A big heart for Head Start


A local congresswoman Tuesday called for a federal investigation into the Los Angeles County Office of Education because of events that could lead to the closure of Kedren Head-Start centers across the county.

Rep. Maxine Waters (D-Los Angeles) protested outside the county Board of Education meeting in Downey with a few dozen Kedren staff members and parents clutching signs and their children who attend those preschool centers.

The county education office’s “responsibility is to not close down Head Start, but to help sustain them,” Waters said, adding that she refuses to see another federally funded preschool program closed in South L.A.


A statement by the county education office said officials would cooperate if a federal investigation occurs.

Waters’ call for a federal probe comes after a March 6 protest by the same Kedren supporters. Kedren pulled out of its Head Start contract with the county on Jan. 21; centers are slated to close in June.

Phone calls to Kedren Head-Start weren’t returned Tuesday.

Kedren’s move surprised its policy council, made up of parent delegates from each of nearly 30 centers across the county. The council is typically consulted on all Kedren decision-making, parents said.

“Not once was the policy council involved,” said Josie Calderon, the council’s president. “We found out about the contract’s relinquishment after the fact.”

Waters, parents and Kedren teachers want to know what prompted Kedren to pull out of its contract.

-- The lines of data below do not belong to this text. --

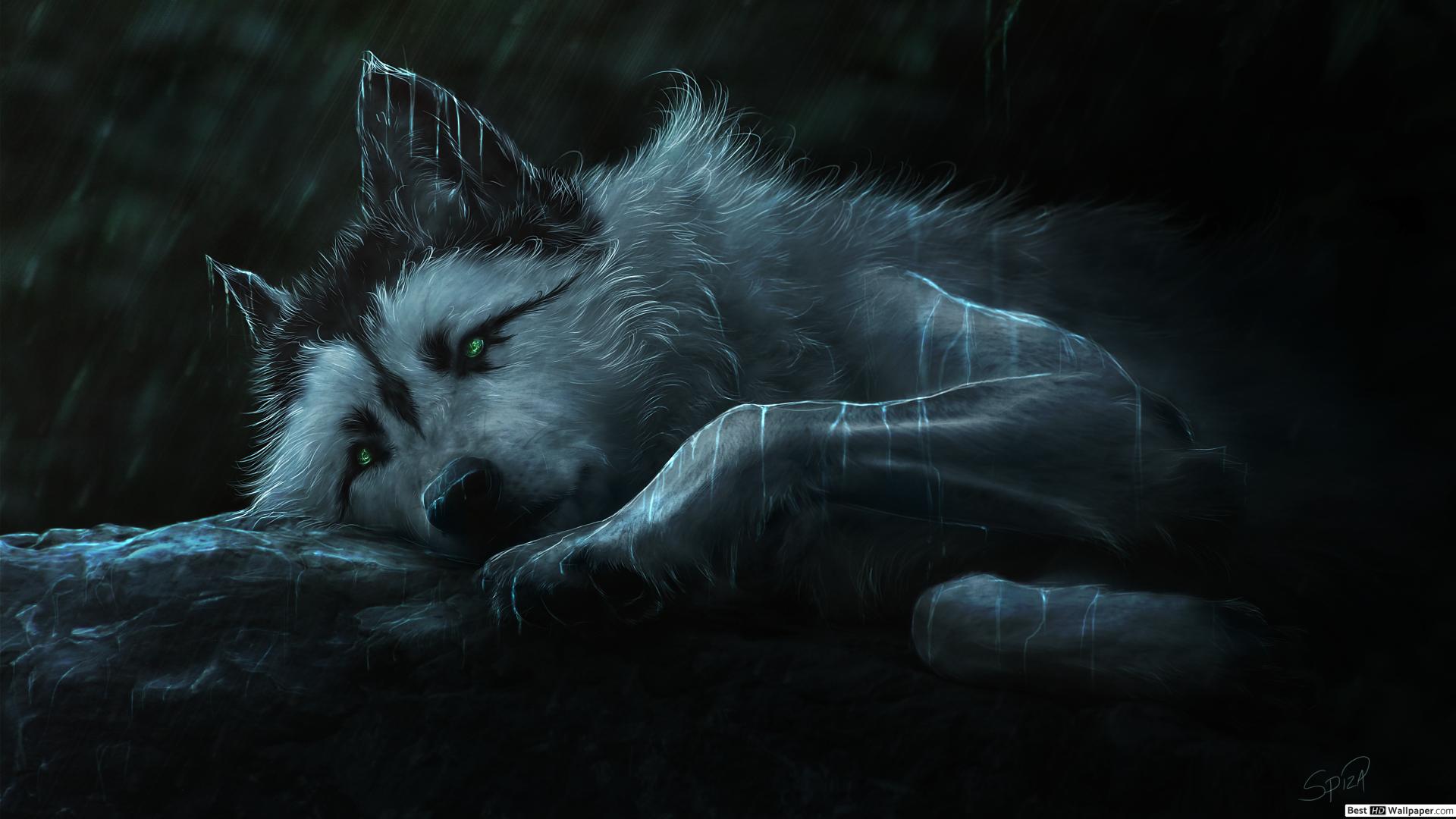 Best Wolf Wallpaper 4k - HD Wallpaper 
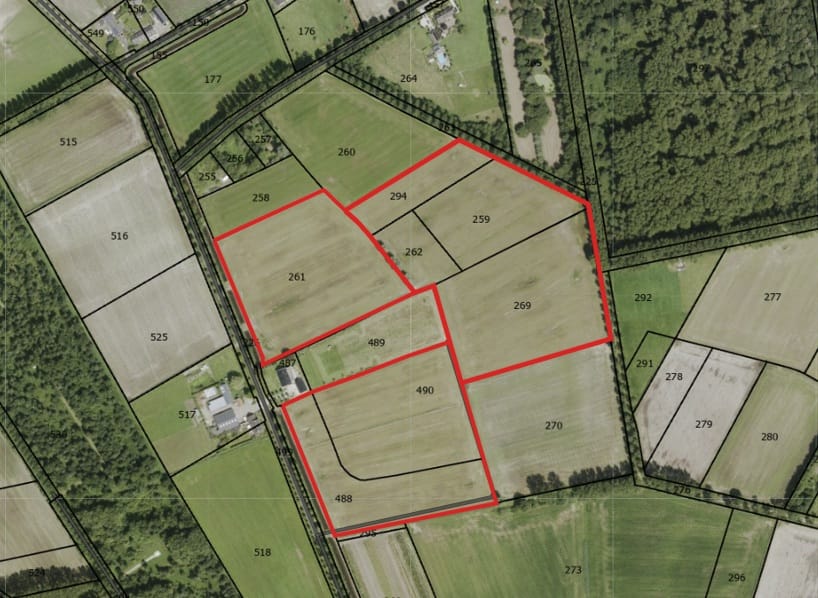 Bekijk foto 1 van Beek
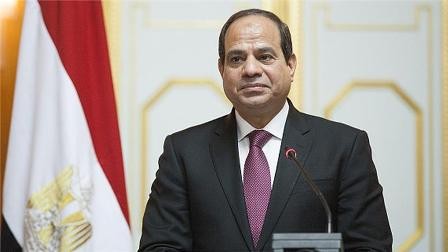 Egipto reitera su apoyo al establecimiento del estado palestino - ảnh 1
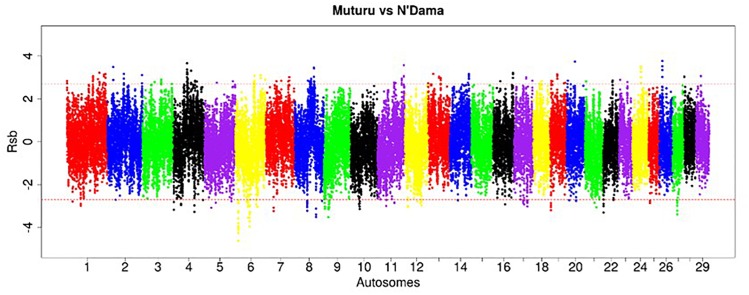 FIGURE 5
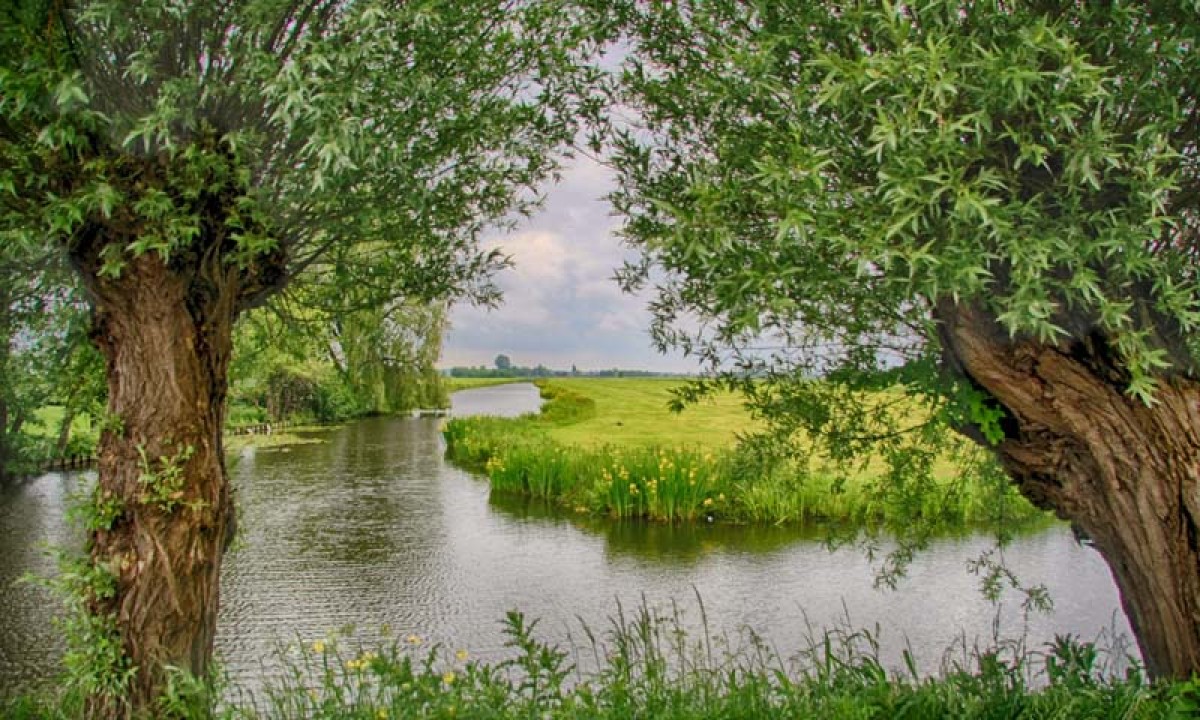 Noordwand Holland Woerden 7590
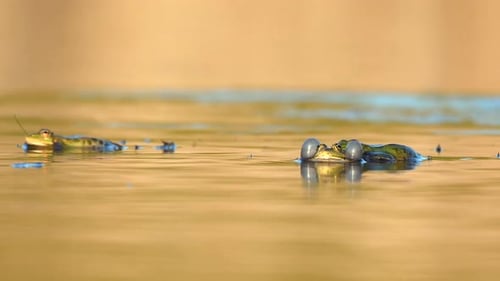 Grüner Sumpffrosch krächzt im schönen Licht. Pelophylax ridibundus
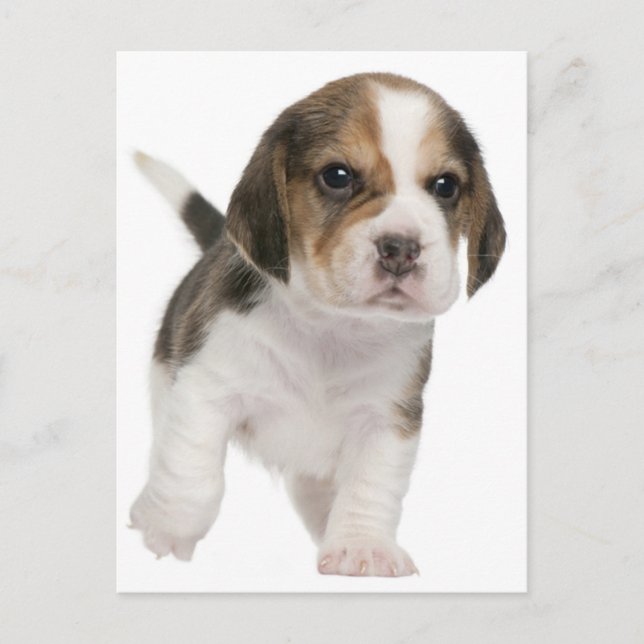 Beagle Welpen Hund Grußkarte Postkarte (Vorderseite)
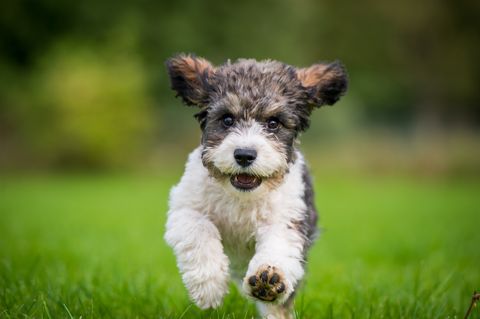 A Cavachon puppy running towards the camera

The county education office said issues with Kedren have been numerous during the last two years, including centers found to be out of compliance in inspection codes. The statement did not say why Kedren terminated its contract on short notice.


Since Kedren pulled out of its contract, the education office has announced plans to redistribute preschool slots to four other organizations. One of those, the Children’s Institute Inc., could be allotted 775 slots, according to county board staff. Currently, Kedren serves 727 in Watts.

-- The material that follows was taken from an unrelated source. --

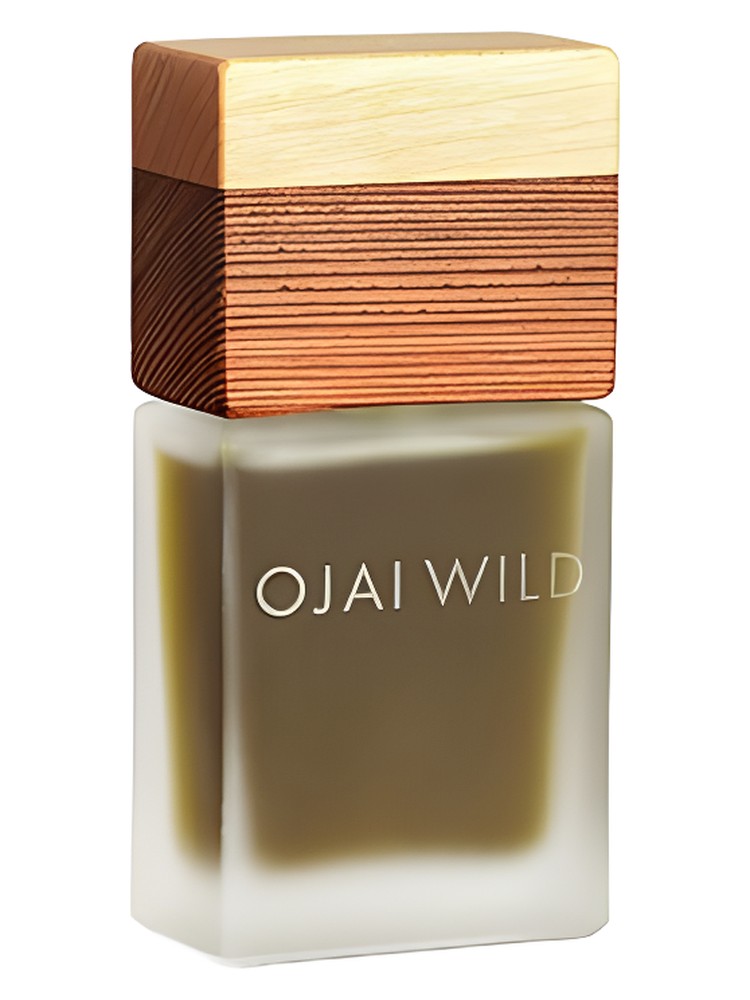 Redwood Leaves – Ojai Wild
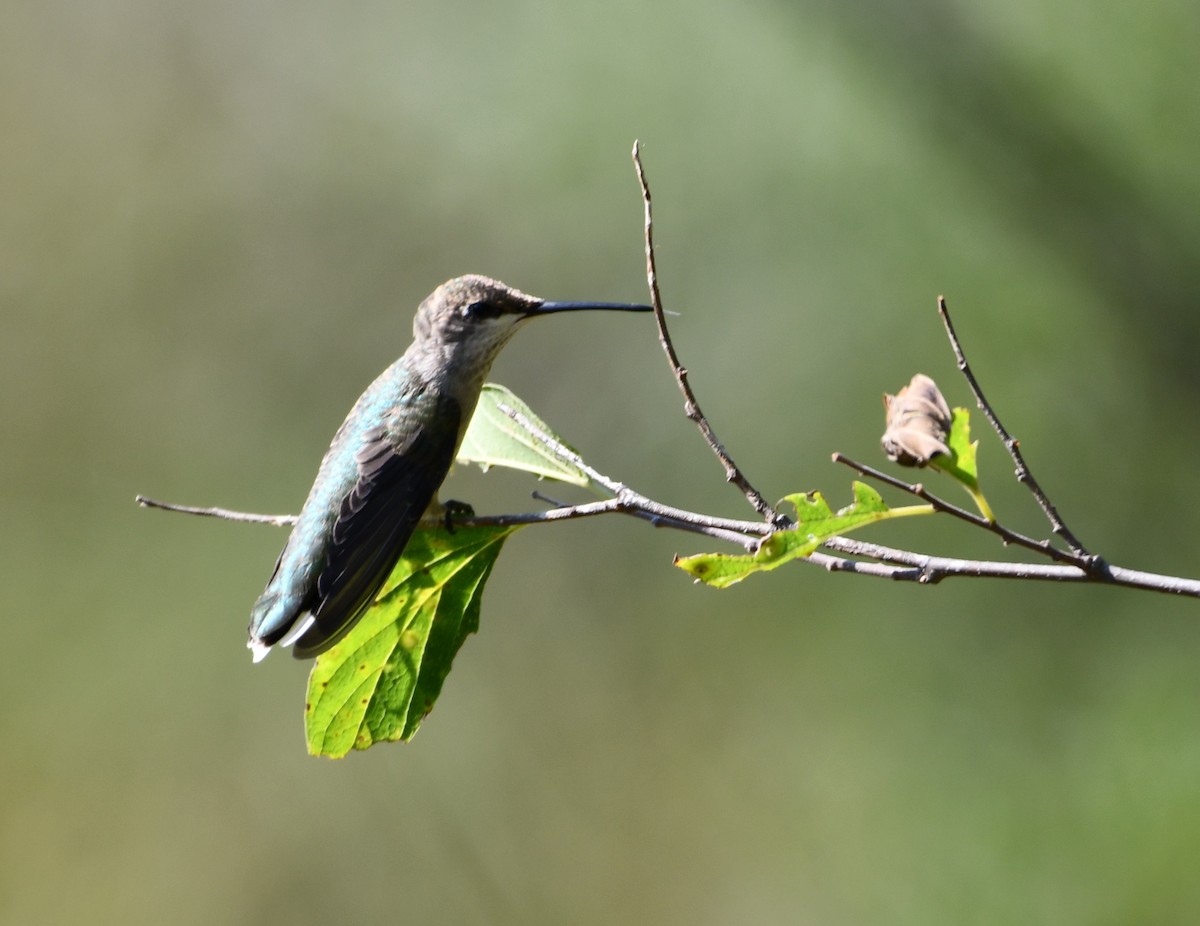 Black-chinned Hummingbird - ML640750878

The reduced number of seats in Watts worries parents like Marlean Gordon. She’s seen her 4-year-old son Knowledge Hubbard interact more with other children since he began attending Kedren Watts III. She and Knowledge’s father, Steven Hubbard Sr., walk their son to and from the center, which is less than half a mile from their Jordan Downs home.

They are concerned that Knowledge will be assigned to a preschool in what they consider an unsafe area. Other parents expressed similar worries.

“I don’t want to cross into [gang] territory where I’m questioned about where I’m going to get my son his education,” Hubbard said.

Waters, a product of Head Start preschool, said the program was a vital educational tool that had kept many low-income children from crime or gang activity. She said Kedren and other Head Start programs, such as the Los Angeles Urban League’s and the Federation of Preschool and Early Education Center’s, have left the county in past years. Tabatha Gilmore, a center manager for Kedren, said she worked for the Urban League and the Federation before their contracts ended with the county.

Gayle Tolbert-Myles, a lead teacher at Kedren Westlake III, said she’s already reviewing forms to claim her pension. She said she works with predominantly Latino children and helps them with their English.

“Are we losing slots when they close down Head Start programs? Yes,” Waters said. “Why can’t we maintain Kedren in Watts?”

Parents clapped while chanting “Save Kedren!” during Waters’ news conference. Then they formed a line behind Waters, who repeated her words to the county Board of Education.